Mataram (Antaranews NTB) - Pemerintah Kota Mataram, Nusa Tenggara Barat, mengajak seluruh komponen masyarakat mewaspadai penyebaran radikalisme dan terorisme serta berita bohong melalui media sosial (medsos).

"Saya mengajak masyarakat waspada karena medsos itu ibarat pisau bermata dua, bermanfaat namun juga membahayakan," kata Pelaksana tugas (Plt) Wali Kota Mataram H Mohan Roliskana.

Ajakan tersebut disampaikan pada Festival Damai inisiasi Badan Penanggulangan Terorisme (BNPT) serta Duta Damai Dunia Maya Regional NTB, di Pantai Bangsal, Tanjung Karang Mataram.
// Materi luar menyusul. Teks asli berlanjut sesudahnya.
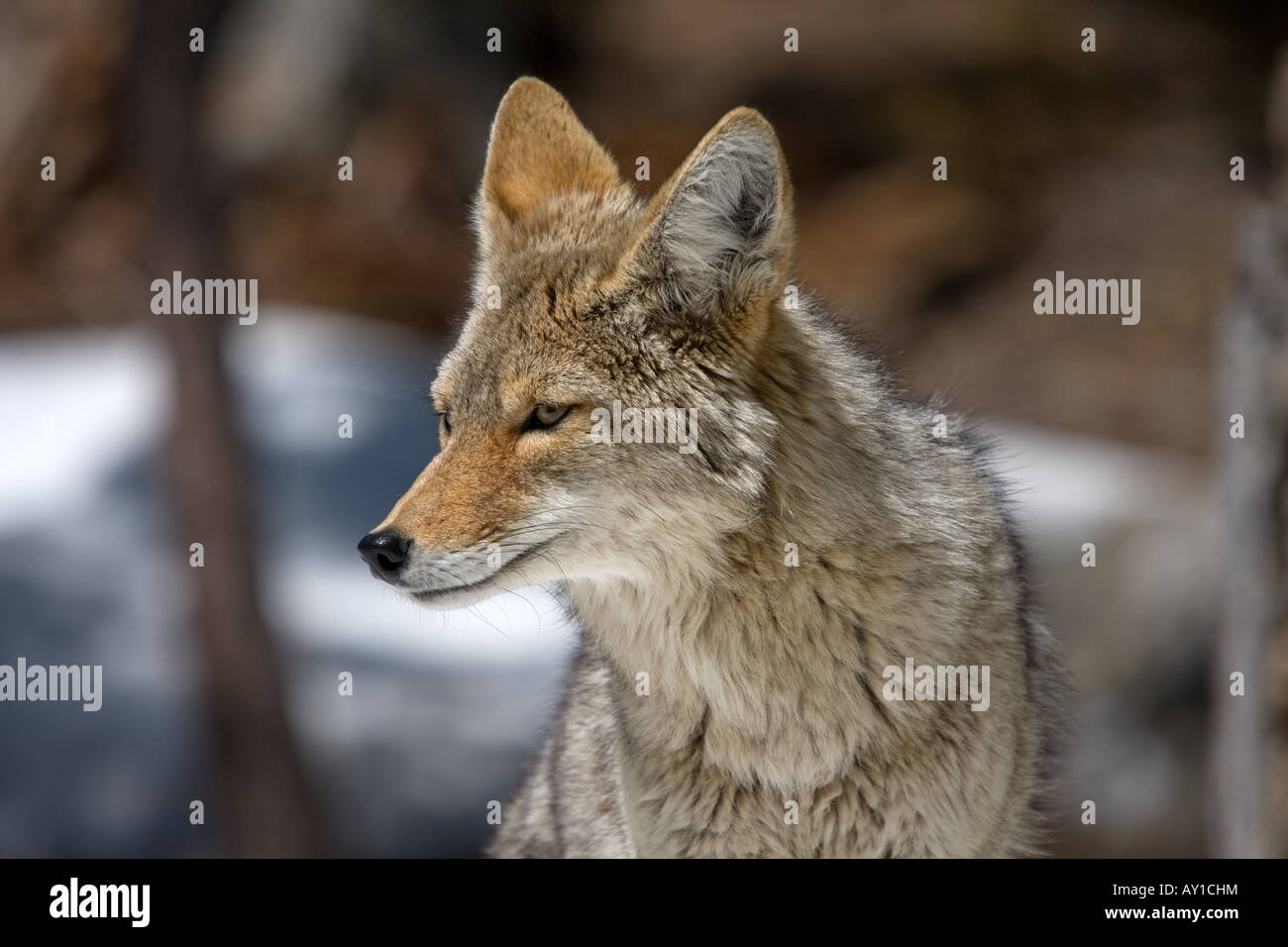 Un Coyote dans la recherche de nourriture en Sequoia National Park. Banque D'Images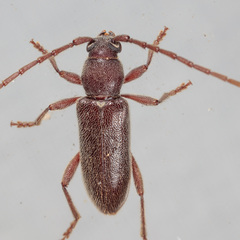 Anelaphus moestus
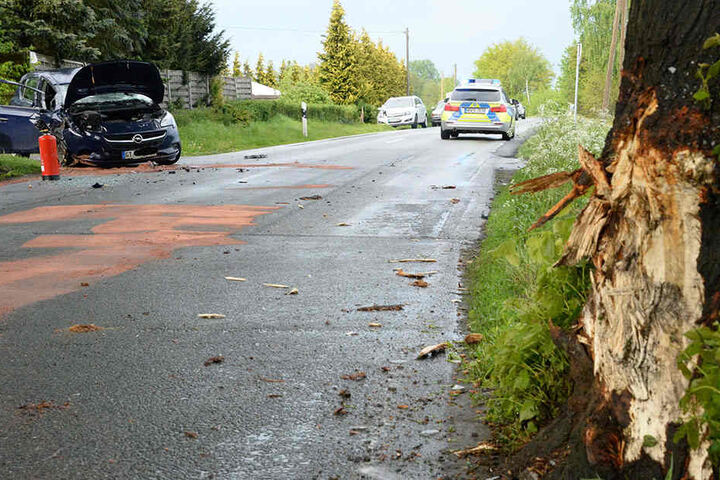 Es ist deutlich zu erkennen, mit welcher Wucht das Auto in den Baum krachte.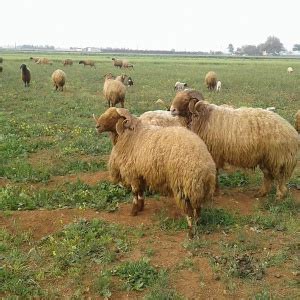 Documenting the Palmyrene wool and leather products of Awassi sheep in the countries of the ...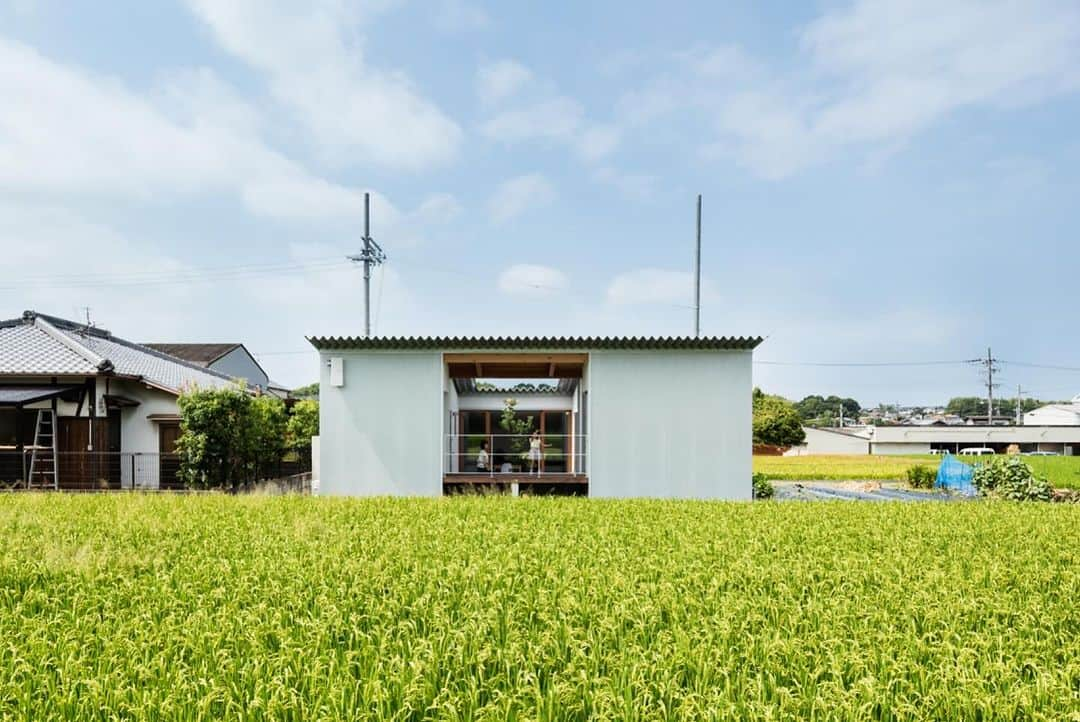 Horibe Associates co., ltd. さんのインスタグラム写真 - (Horibe Associates co., ltd. Instagram)「House in mita  more⇨@horibeassociates  #architecture #courtyard #Patio#двор#cortile#house#新築#design#modern#architects#architettura#デザイン#中庭#casa#simple #Haus #minimal #cortile#マイホーム計画#マイホームメモ#マイホーム記録#平屋#architecturephoto#archilovers#architecturephotography」11月10日 18時08分 - horibeassociates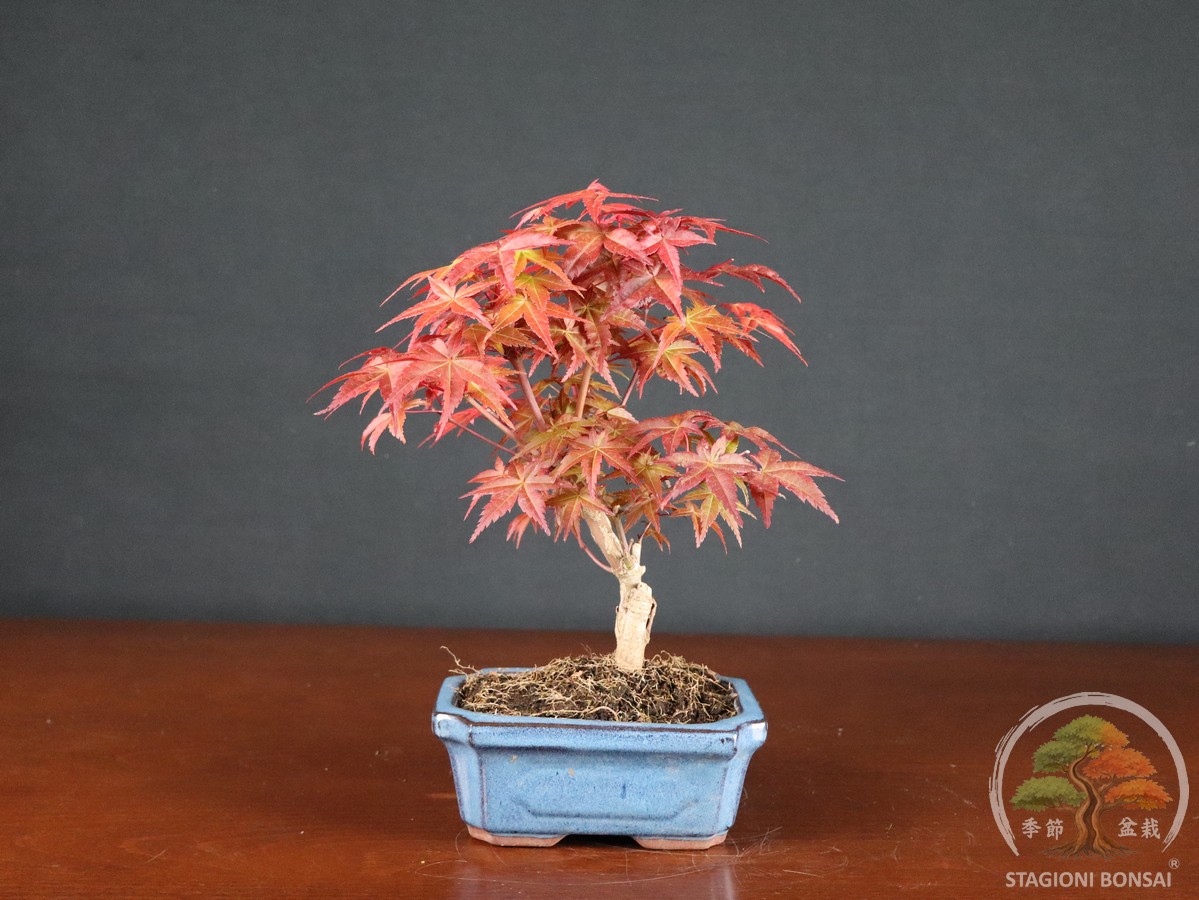 Acero palmato Deshojo (acer palmatum) - fascia 40 €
Saat ini, kata dia, medsos sudah menjadi sarana bagi sekelompok orang untuk menyuburkan paham radikalisme dan terorisme serta menyebarkan berita bohong (hoaks).

Paham radikalisme dan terorisme serta berita bohong yang tersebar melalui medsos tidak hanya bisa meracuni, tapi juga bisa menkontaminasi jiwa seseorang. Bila tidak disikapi dengan hati-hati, seseorang bisa menjadi teroris.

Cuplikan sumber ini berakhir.